[[ DATA SECTION open ]]
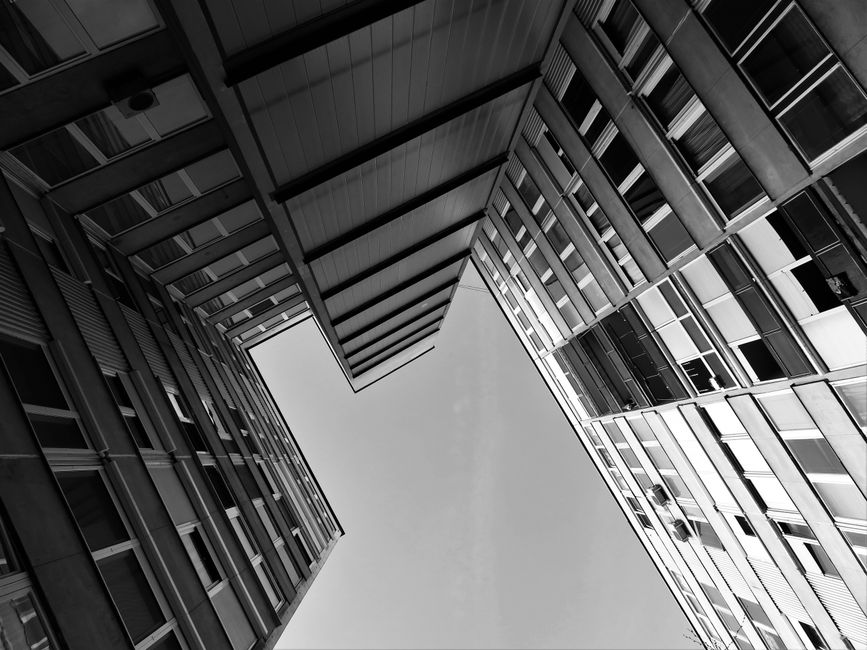 Black and white photo of futuristic skyscrapers with a dynamic perspective.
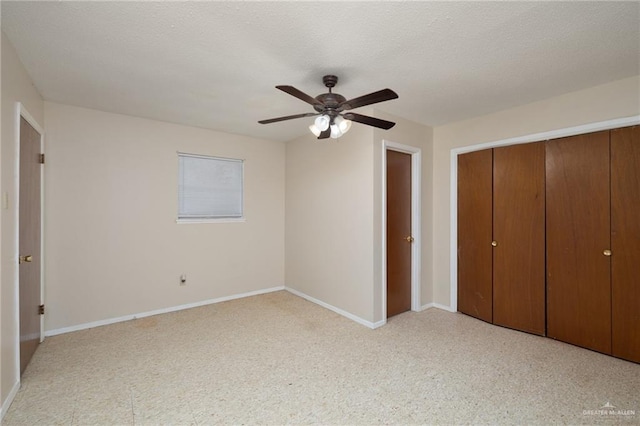unfurnished bedroom with a closet, ceiling fan, light carpet, and baseboards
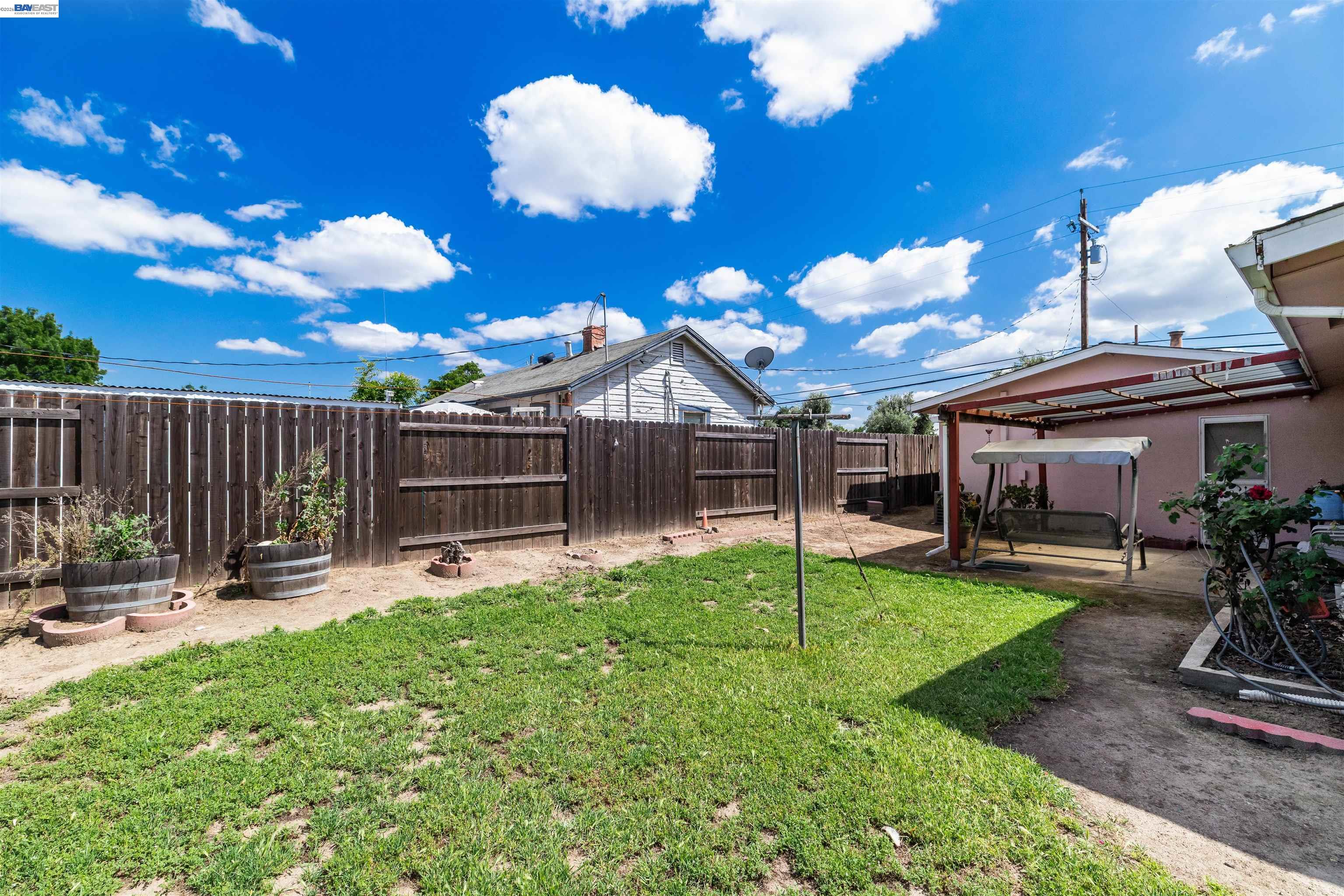 953 Thomsen Road Lathrop, CA 95330 - Photo 33 of 49 a view of a house with backyard and sitting area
[[ DATA SECTION closed ]]
■ INSTRUCTIONS FOR THE TASK
What you give back should be the full material above, retyped exactly, with every image removed.

■ PROBLEM SOLUTION
 Black and white photo of futuristic skyscrapers with a dynamic perspective.
unfurnished bedroom with a closet, ceiling fan, light carpet, and baseboards
 953 Thomsen Road Lathrop, CA 95330 - Photo 33 of 49 a view of a house with backyard and sitting area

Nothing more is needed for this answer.